Not marriedI hate giving any kind of recognition to claims like this, but since we may be seeing more of this in the coming months:

Is this woman the living 'Code'? (USAToday.com)

The gist of it is that Kathleen McGown claims she is from the 'sacred bloodline' as described in The Da Vinci Code. (Which in turn got its ideas from the lamentable Holy Blood, Holy Grail.) McGown is the "self-proclaimed descendant of a union between Jesus and Mary Magdalene" (emphasis mine). She's making a big claim here; not only that Jesus and Mary Magdalene were married and had a child (for which there is absolutely no evidence) but also that McGowan herself is part of the resulting bloodline. Of course she is using the Da Vinci Code trick in her book by writing a "fictional" story about 'Maureen Paschal' which McGowan acknowledges is basically herself. This allows her to have all the fun of making truth claims while hiding behind the guise of fiction.

What is McGowan's evidence for her claims? There is none. From the article:

Despite the lack of hard evidence, McGowan's supporters include her literary agent Larry Kirshbaum … McGowan was one of his first clients and he helped her get a seven-figure, three-book deal with Simon & Schuster … Kirshbaum believes McGowan when she says she is a descendant of Mary Magdalene. "I feel she's entirely credible," says Kirshbaum … "She spent 20 years of her life researching this subject. You have to give her any benefit of the doubt because she's totally rational. I believe her absolutely. She had total credibility with me from the very beginning."

This lady spent 20 years researching and still has no evidence? That is not very convincing to me. Let's see what a respected historian has to say about this:

"A historian simply has to look at what evidence there is," says Bart Ehrman, chairman of the Department of Religious Studies at the University of North Carolina … "You can survey anyone who is a scholar of early Christianity and they will all tell you the same thing. It's completely bogus." McGowan says evidence of her ancient French lineage and connections to the sacred bloodline have been passed down through many generations of her family but admits "there are certainly holes in it." Much ancestral documentation, she says, was destroyed during the French Revolution. Ehrman is doubtful. "People didn't keep genealogies like that in the ancient world. There are no records. We have no account of Mary Magdalene even going to France until the Middle Ages, and the legend about her going to France sprang up because there was a cult to Mary Magdalene in southern France and they used the story about her going there as a way to explain the origins of the cult."

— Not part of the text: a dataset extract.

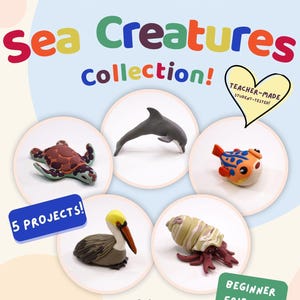 Könnte beinhalten: Eine digitale Anleitung mit dem Titel Polymer Clay Tutorial Sea Creatures Collection, die fünf Tonmodelle zeigt: eine Meeresschildkröte, einen Delfin, einen Kugelfisch, einen Pelikan und einen Einsiedlerkrebs. Das Dokument enthält die Texte 5 PROJECTS und BEGINNER FRIENDLY.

Ehrman is entirely correct here. And notice that Ehrman is not Christian and doesn't believe in the resurrection, so don't say he's just blind to the truth or somesuch nonsense. To summarize:

  1. There is no historical evidence that Jesus and Mary were married
  2. There is no historical evidence that they had a child
  3. Therefore there is no bloodline
  4. Even if there WAS a bloodline, McGowan has no evidence (let alone proof) that she belongs to it

And people say Christians accept things based on blind faith. As per my previous article on this blog re tolerance, McGowan is free to believe this if she wants; she should even be free to try to convince others. But she is still wrong and until she can provide some evidence for her claims no one should believe her and no one should support her by buying her books.